Collaborators and Target Groups:

  • Local farmers and neighbours

  • Artists, researchers, students

  • Educational institutions and grassroots initiatives

  • Communities affected by ecological or social marginalisation

Activity Reports:

21.6.2025 | Harvest of St. John’s Wort

09.10.25 & 27.10.25 | Traveling Dinner Ta(b)les I

01.11.2025 | De Oorsprong voor de Voorsprong

18.12.2025 | Entangled Dreaming


UPV Lab (Valencia)

UPV Lab redirected its efforts to documenting the impact of the October 2024 DANA floods, which severely affected the Valencian community.

 Institution: Universitat Politècnica de València 

Research group: Art and Environment Research Centre (CIAE) and LABOLUZ (UPV)

Community group: Department of Painting and Department of Sculpture (UPV), Fundació Assut, Regularización Ya, CLERs, etc.

Lead Team Members: Jose Albelda Raga (senior), Lorena Rodríguez Mattalía (senior), María Vidal Soria (PhD Student), Ruth Muñoz Domènech (PhD Student)

Instagram: @mheste_deseeea 

Engaging the Pluriverse: The VAL·LAB, at UPV,  views the Pluriverse as a space of situated, collective imagination. Following the 2024 DANA climate disaster, it centers voices and responses from affected communities, weaving ecological wisdom, feminist eco-social thought, and artistic practices. The lab uses art as a tool for co-sensing, reparation, and political activation, fostering participatory models toward sustainable, livable urban futures.

Purpose and Intentions: The lab aims to foster ecosocial transformation through situated artistic practices. It documents and co-creates alternatives to extractive urbanism by highlighting grassroots responses to climate disaster. The goal is to shift narratives from victimhood to agency and promote inclusive, accessible, sustainable urban life. Using audiovisual essays, fieldwork, and collective engagement, it connects university, territory, and community in meaningful, horizontal ways.

Core Questions:

  • How can artistic practices support bottom-up, reparative responses to climate disasters?

  • How do we shift from urban extraction to ecosocial care?

  • What does a sustainable, participatory city look like from the ground up?

  • How can collaborative storytelling foster political awareness and action?

Pluriversity of Methods: Immersive learning processes combine fieldwork, reflection, and audiovisual co-creation. Collaborations with mutual aid groups, citizen platforms, and local residents focus on dialogical, care-based encounters. Methods include walking practices, embodied research, and ecofeminist ethics. Non-human agents shape the work.

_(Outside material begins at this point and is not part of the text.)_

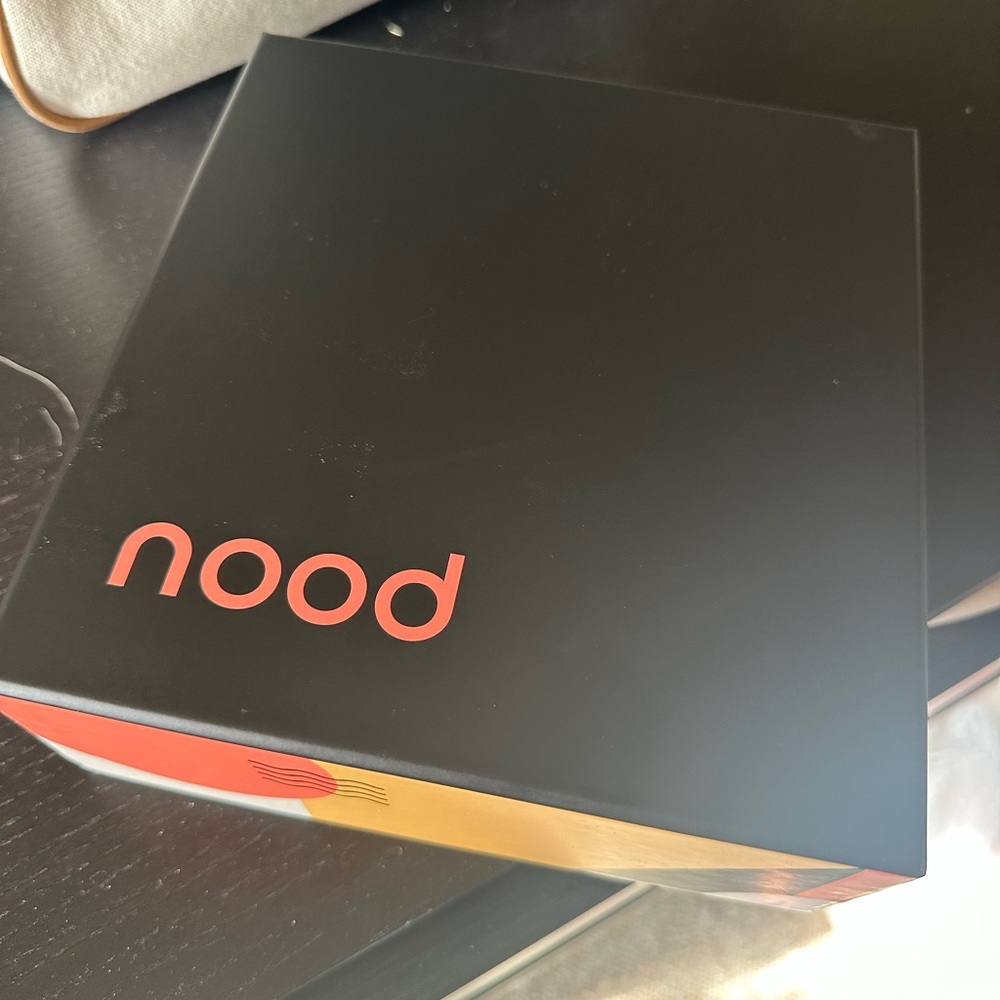 BRAND NEW UNOPENED UNUSED NWT NOOD FLASHER 2.0 @home laser hair removal device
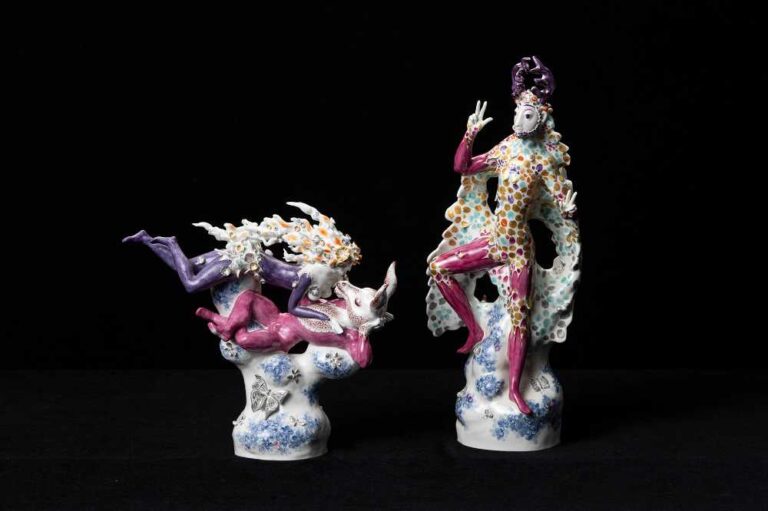 マイセン】泉屋博古館東京で『特別展 巨匠ハインツ・ヴェルナー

Dialogues with political actors foster alliances with citizen-led platforms, emphasizing slow, participatory, and relationally accountable methods.

Collaborators and Target Groups:

  • Citizen platforms like Per l’Horta, CLERs

  • Mutual aid kitchens and migrant justice groups

  • Local residents, artists, activists, students

  • Communities excluded from decision-making processes

  • University departments and research centers

  • Bachelor of Fine Arts and Bachelor of Design students, Master's and Ph.